TASK DESCRIPTION:
Locate the line that contains "Used 2020 Jeep" in the data that follows. Copy it and every subsequent line to the end, exactly, excluding pictures.

Records contained in a dataset:
● ● ● ●

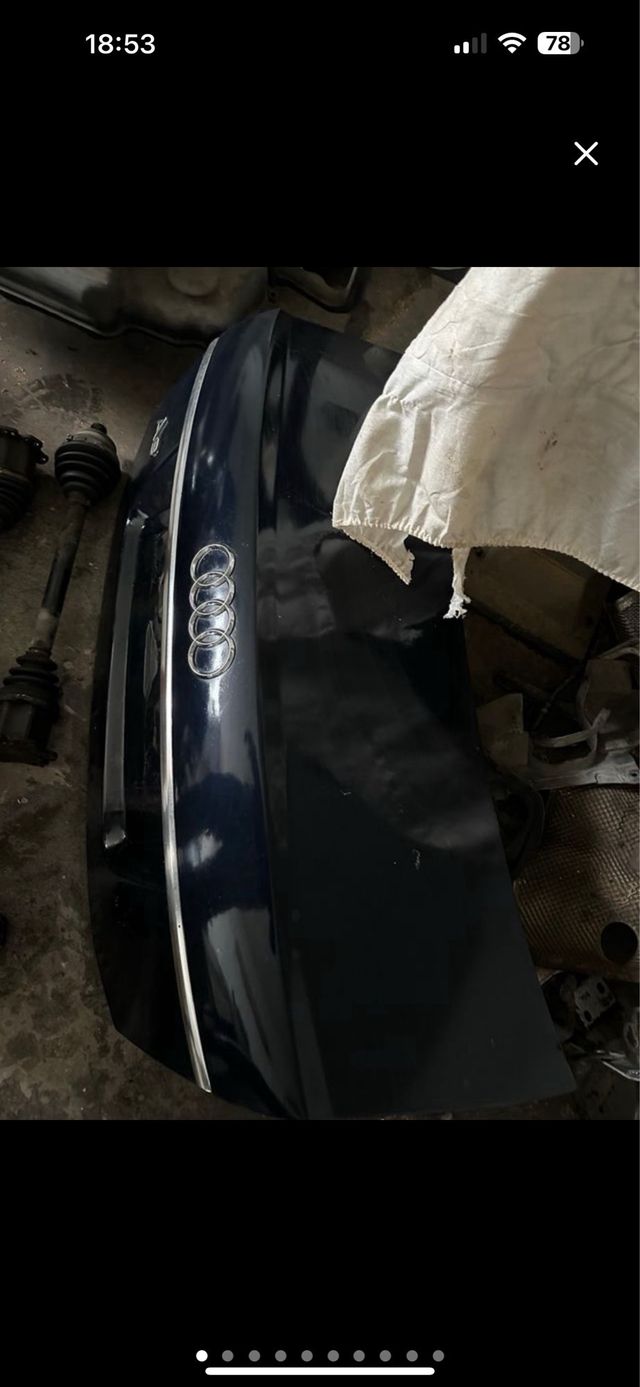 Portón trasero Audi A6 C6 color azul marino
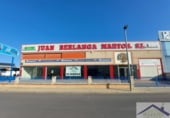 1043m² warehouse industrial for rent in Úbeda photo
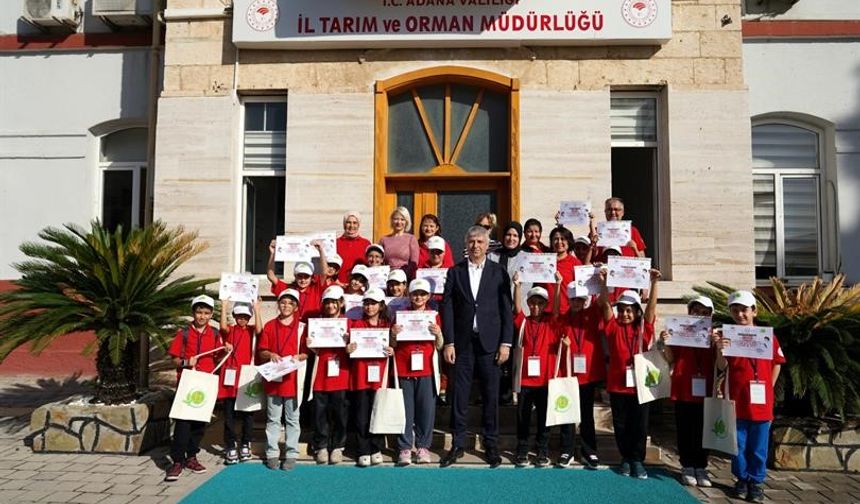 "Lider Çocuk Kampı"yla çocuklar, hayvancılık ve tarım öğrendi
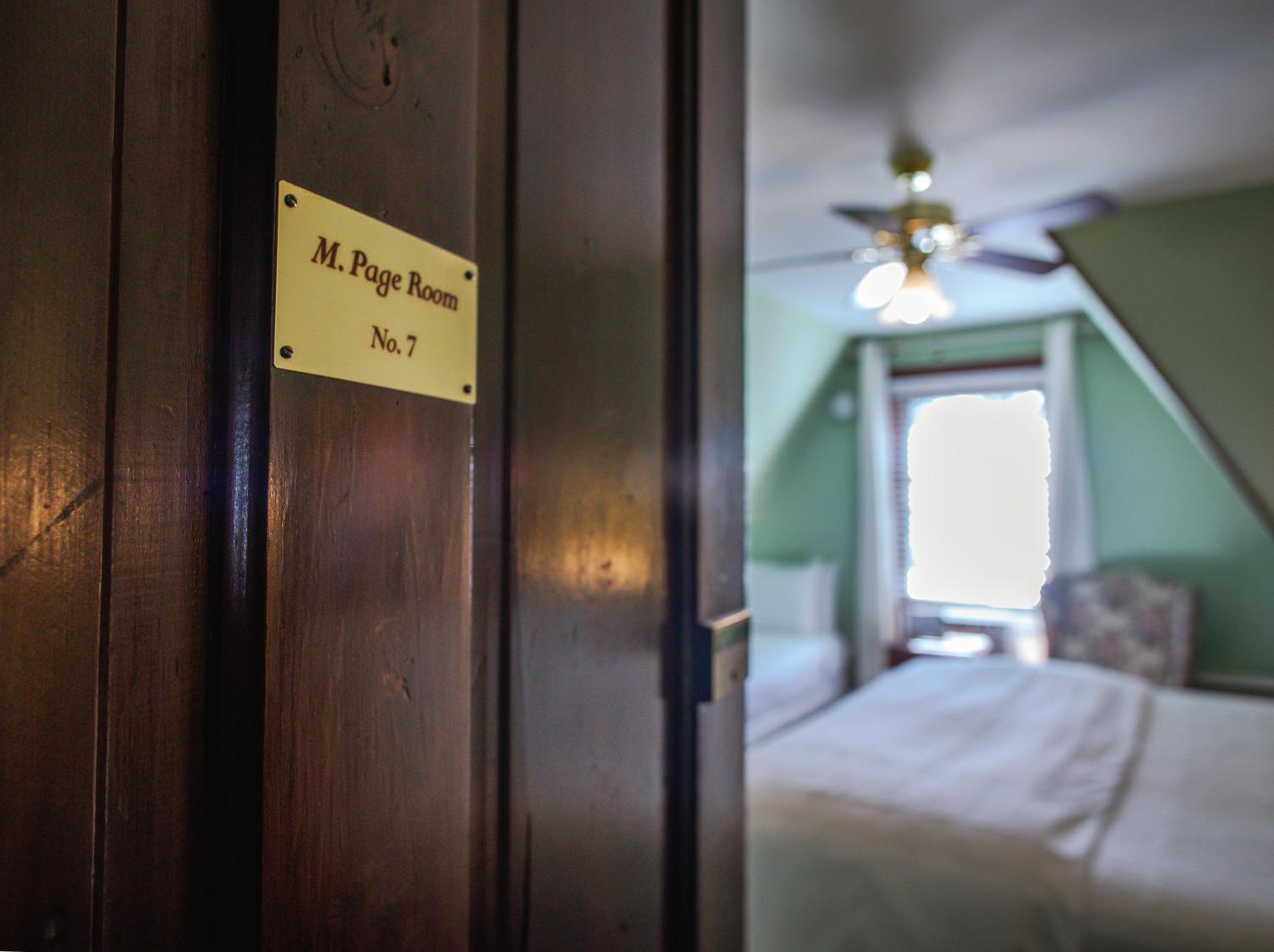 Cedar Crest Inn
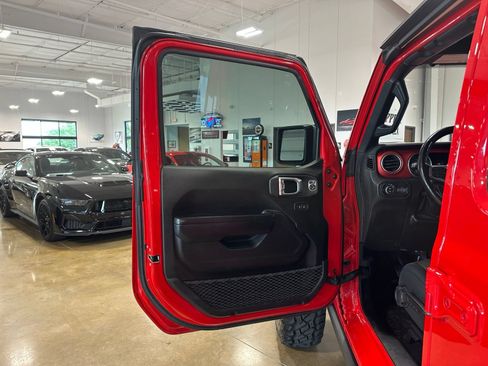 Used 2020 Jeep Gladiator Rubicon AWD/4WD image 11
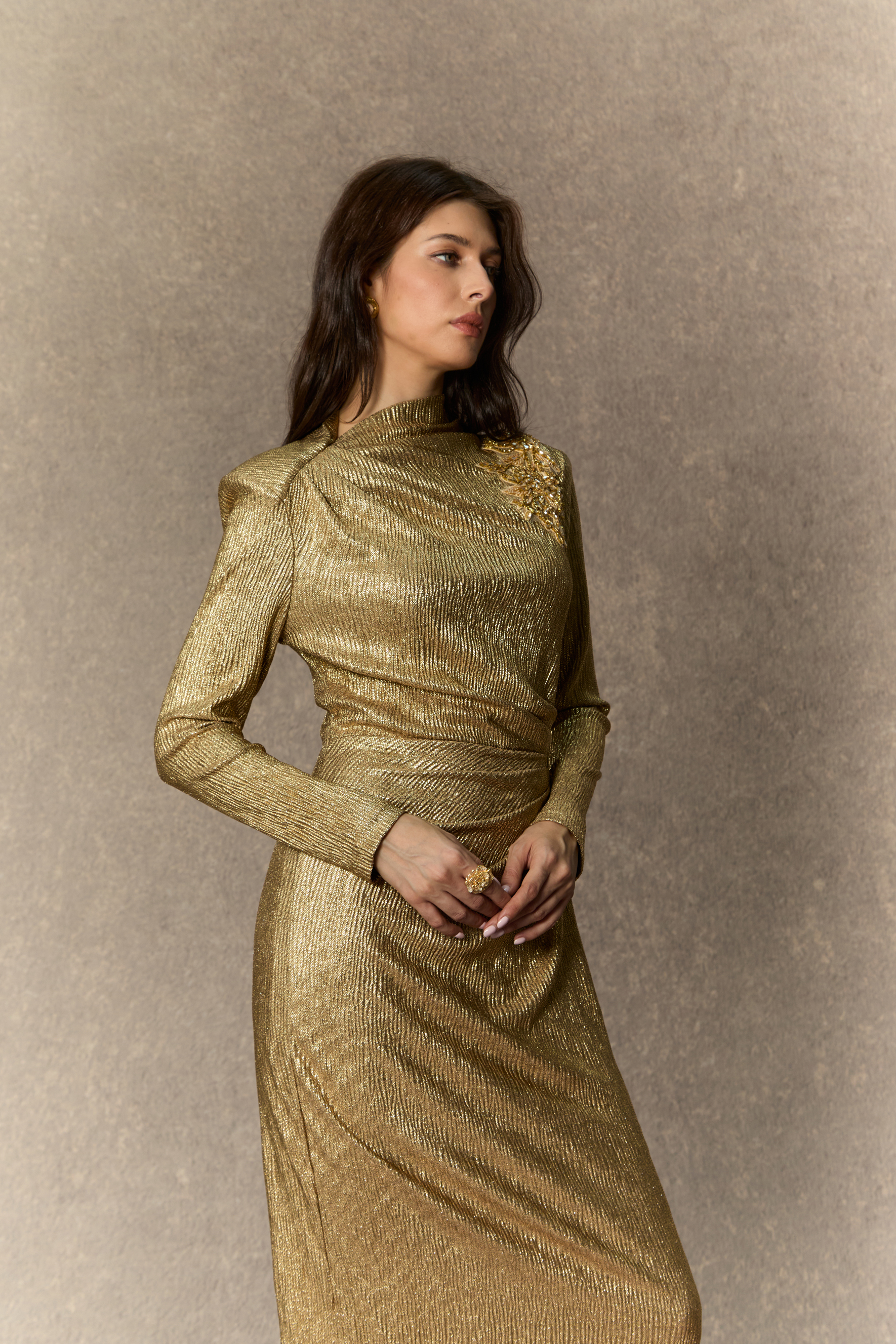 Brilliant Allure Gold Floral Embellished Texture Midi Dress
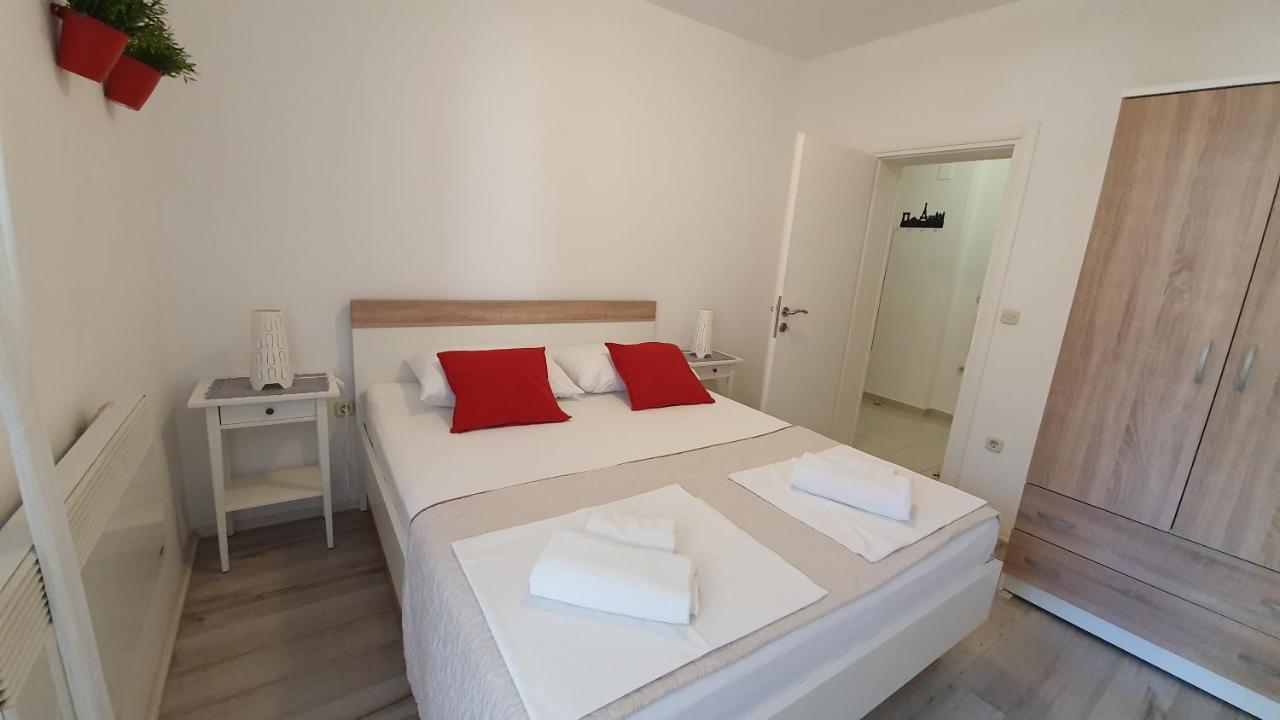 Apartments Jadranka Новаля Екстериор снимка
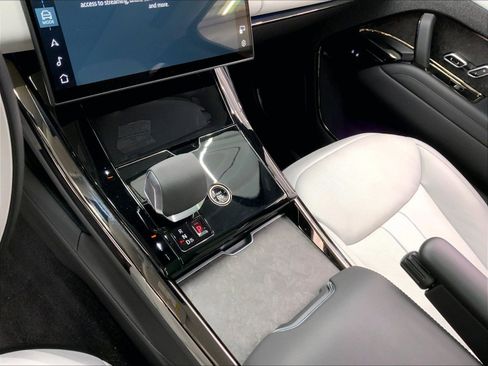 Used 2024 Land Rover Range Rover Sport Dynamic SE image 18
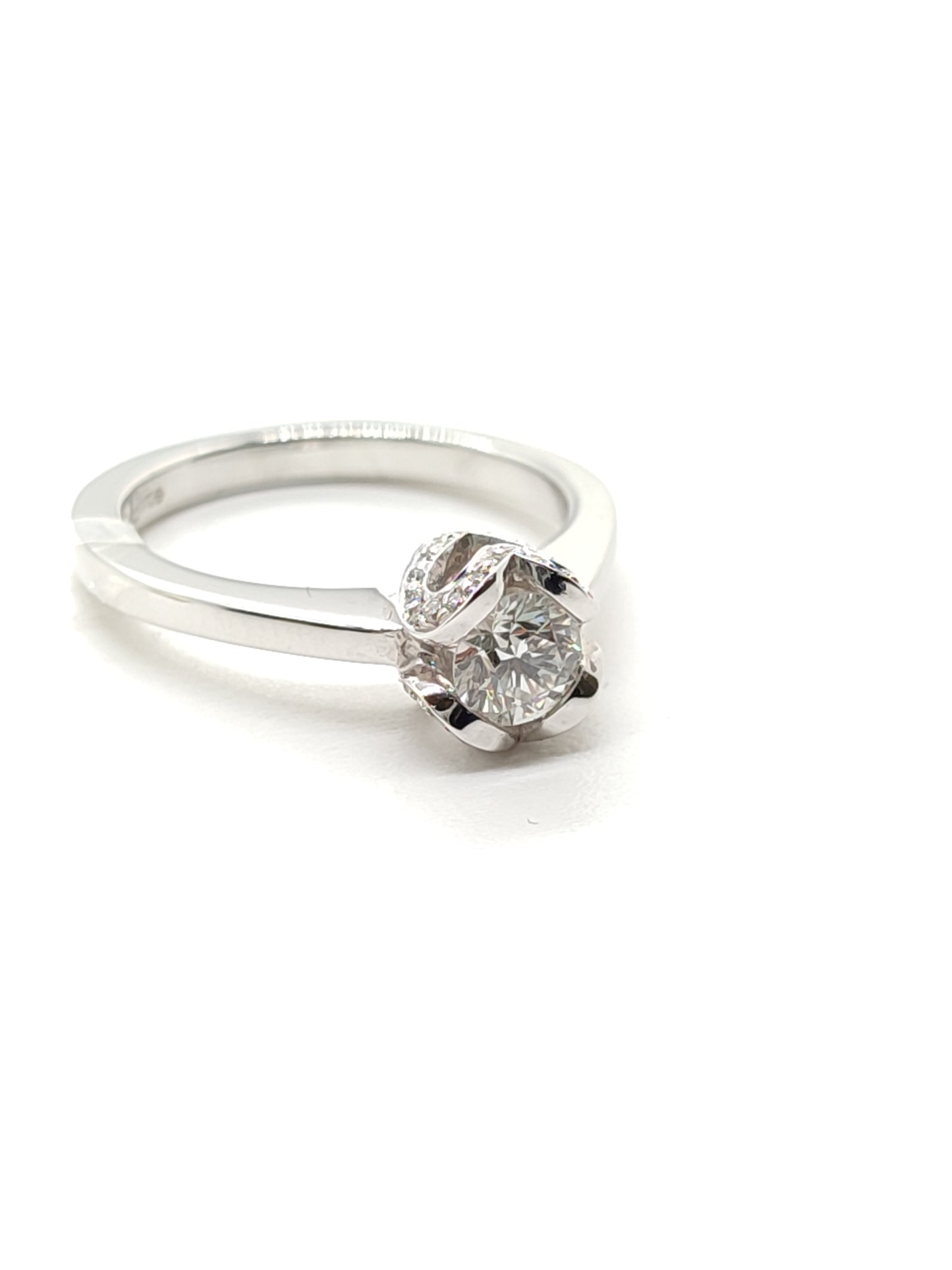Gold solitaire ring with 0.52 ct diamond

● ● ● ●

EXPECTED ANSWER:
 Used 2020 Jeep Gladiator Rubicon AWD/4WD image 11
 Brilliant Allure Gold Floral Embellished Texture Midi Dress
 Apartments Jadranka Новаля Екстериор снимка
 Used 2024 Land Rover Range Rover Sport Dynamic SE image 18
Gold solitaire ring with 0.52 ct diamond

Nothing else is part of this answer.